TASK ITEM: If a picture appears in the records, leave it out and transcribe the rest exactly.

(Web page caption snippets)
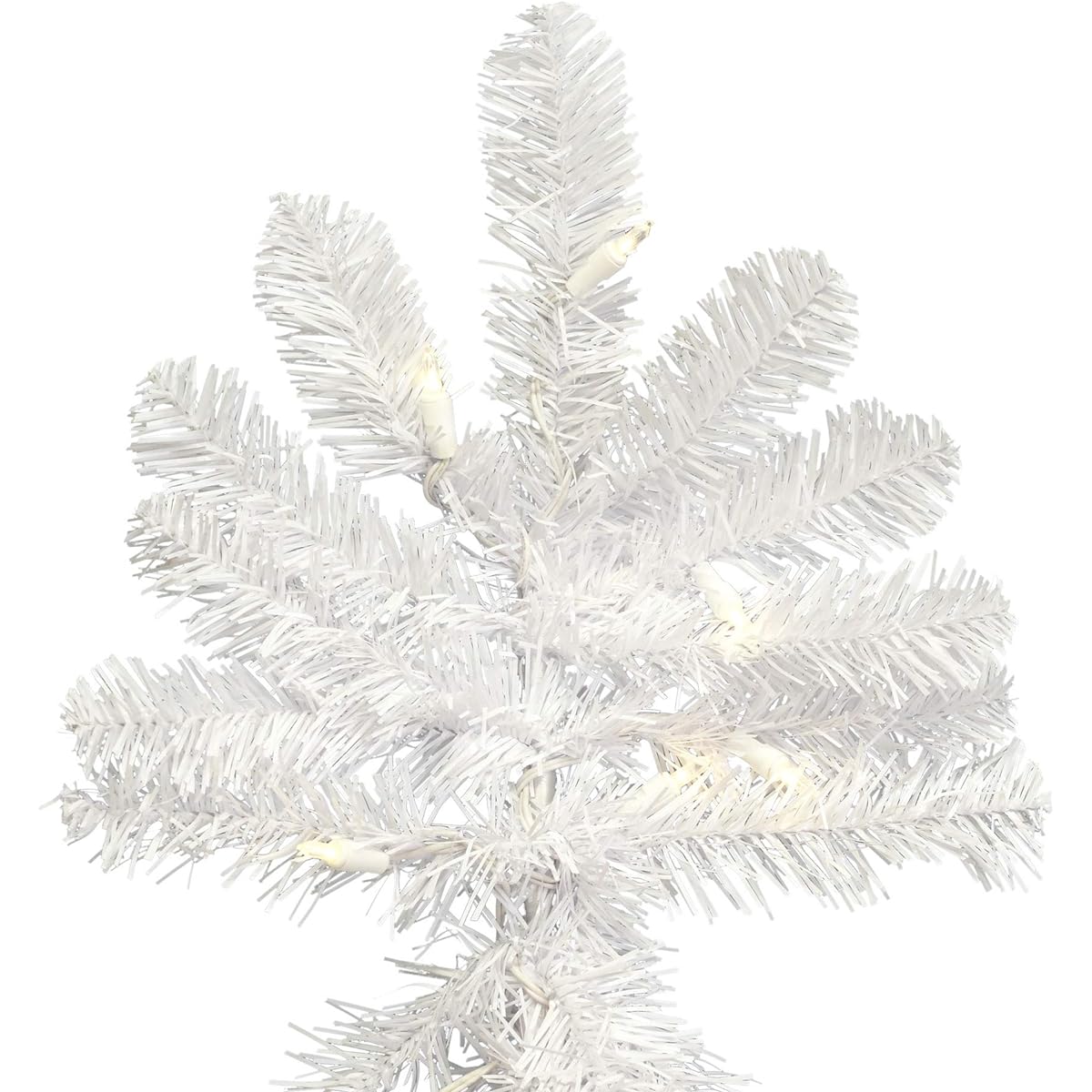 Vickerman 7.5ft White Upside Down Artificial Christmas Tree - Warm White DuraLite LED Lights Faux Upside Down Christmas Tree - Seasonal Home Decor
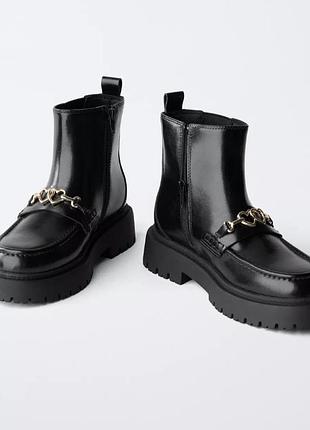 Черевики  39  розмір 25 см zara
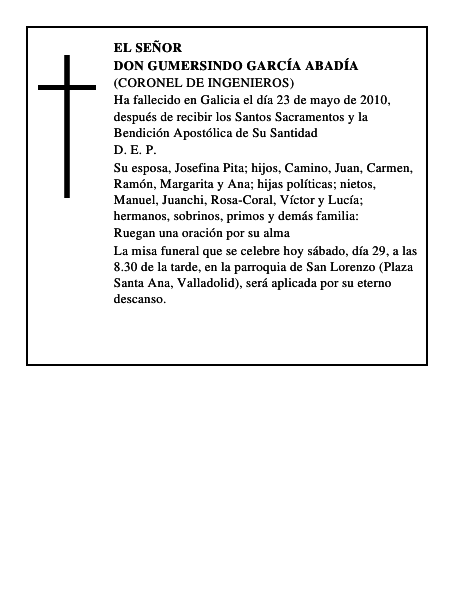 Don Gumersindo García Abadía
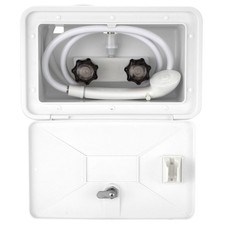 RV Exterior Shower Box Kit  Locking Cowboy Shower with 51  Vinyl Hose, 2.5 G...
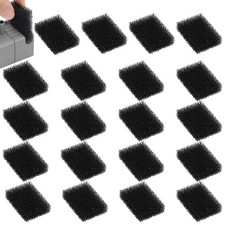 20pcs Pet Fountain Replacement Filters, Cat Drink Watering Filter black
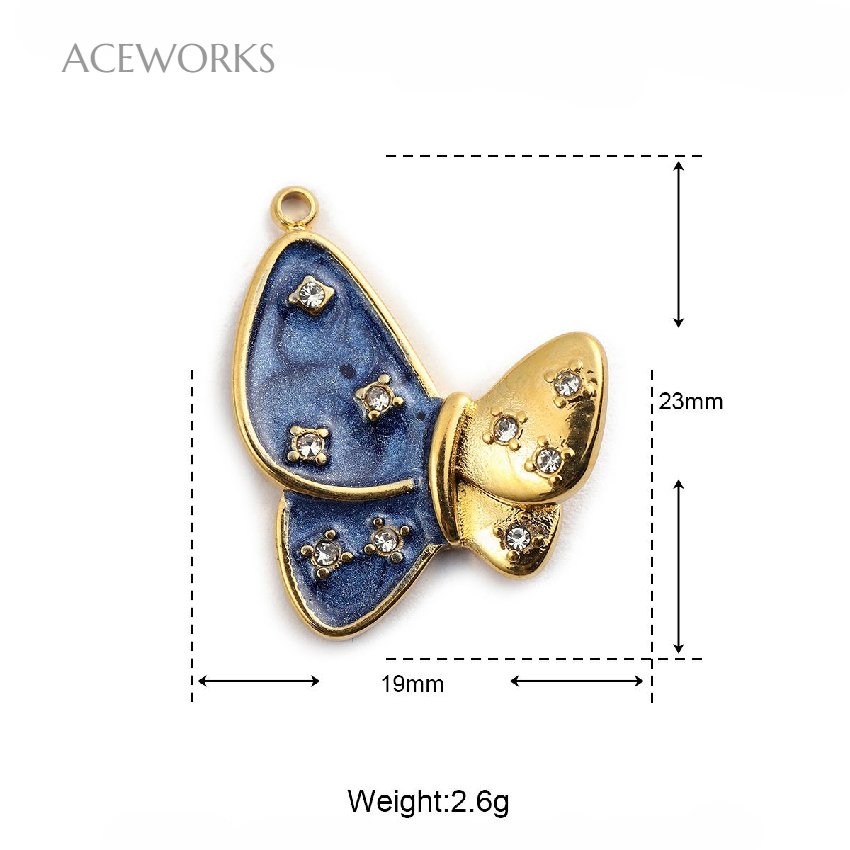 Butterfly Dark Blue-Gold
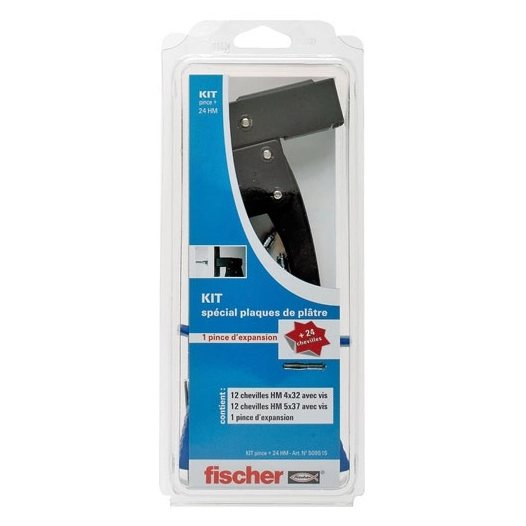 Pince cheville à plaque 24 HM + kit chevilles - FISCHER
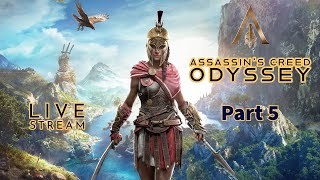 AC Odyssey  No commentary  Part 5  Live  Full Game Walkthrough [upl. by Ranice]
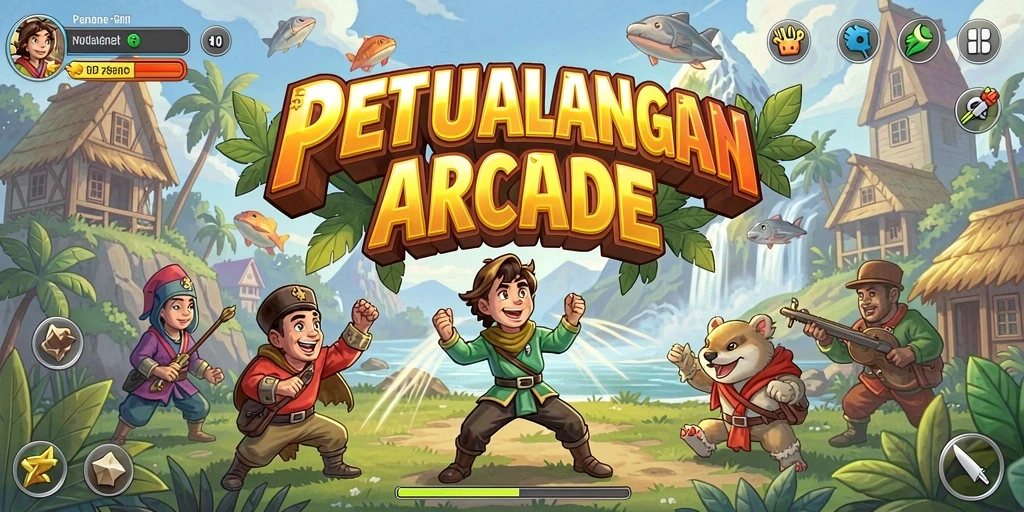 Tangkapan layar gameplay Arcade <strong>8ID</strong> yang penuh aksi dan tantangan.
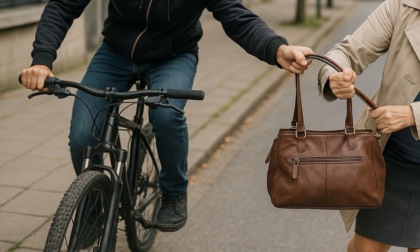 Ruba la borsa a una turista e scappa in bici, ladro rintracciato grazie al GPS del cellulare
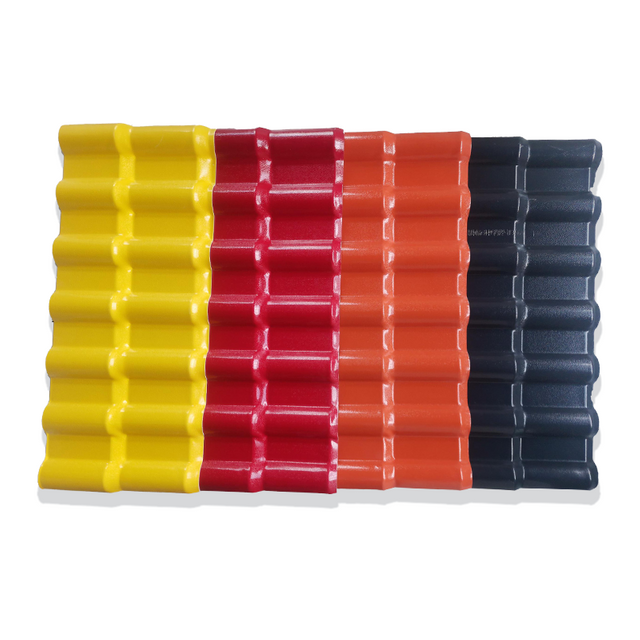 ASA Coated Plastic Sythetic Resin Roof Tile
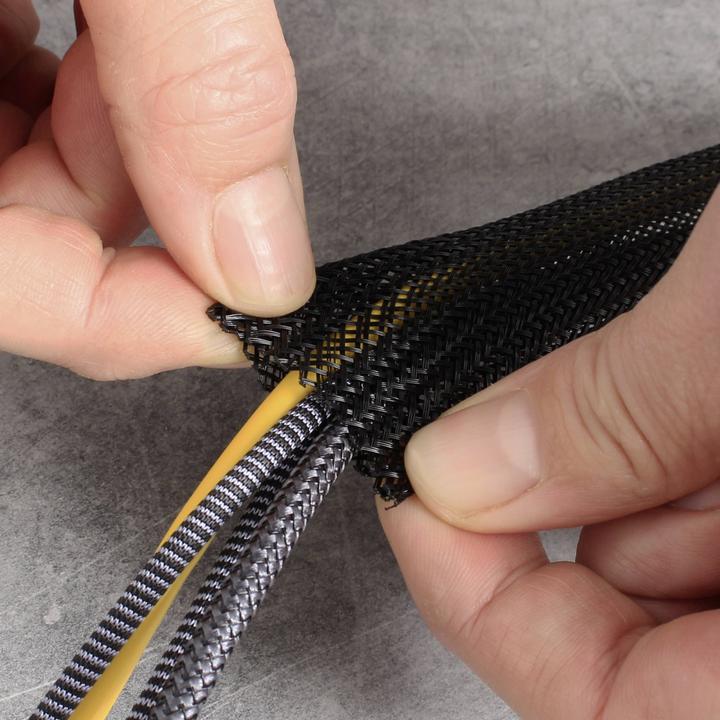 Produktbild Quadrios 23CA214 23CA214 Geflechtschlauch Schwarz Polyester 40 bis 80 mm Meterwa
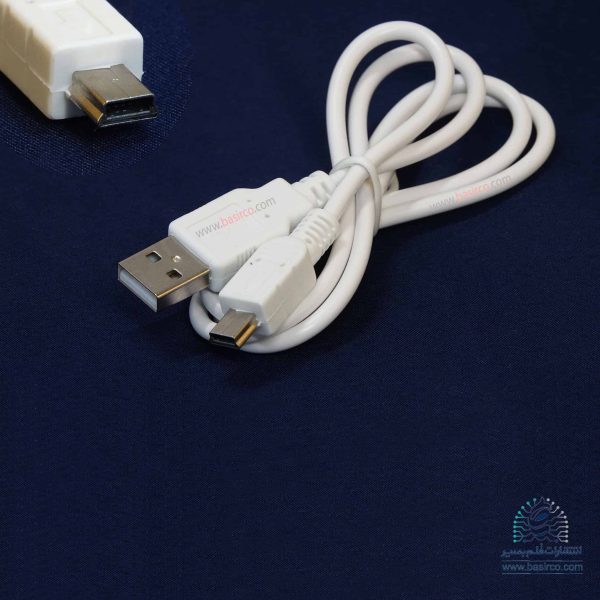 کابل_شارژ_قلم_قرآنی_بصیر_کابل_ذوزنقه_ای ( معروف به کابل mini usb رنگ سفید)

WRITTEN SOLUTION:
 Vickerman 7.5ft White Upside Down Artificial Christmas Tree - Warm White DuraLite LED Lights Faux Upside Down Christmas Tree - Seasonal Home Decor
 Черевики  39  розмір 25 см zara
 Don Gumersindo García Abadía
 RV Exterior Shower Box Kit  Locking Cowboy Shower with 51  Vinyl Hose, 2.5 G...
 20pcs Pet Fountain Replacement Filters, Cat Drink Watering Filter black
 Butterfly Dark Blue-Gold
 Pince cheville à plaque 24 HM + kit chevilles - FISCHER
 AC Odyssey  No commentary  Part 5  Live  Full Game Walkthrough [upl. by Ranice]
 Tangkapan layar gameplay Arcade <strong>8ID</strong> yang penuh aksi dan tantangan.
 Ruba la borsa a una turista e scappa in bici, ladro rintracciato grazie al GPS del cellulare
 ASA Coated Plastic Sythetic Resin Roof Tile
 Produktbild Quadrios 23CA214 23CA214 Geflechtschlauch Schwarz Polyester 40 bis 80 mm Meterwa
 کابل_شارژ_قلم_قرآنی_بصیر_کابل_ذوزنقه_ای ( معروف به کابل mini usb رنگ سفید)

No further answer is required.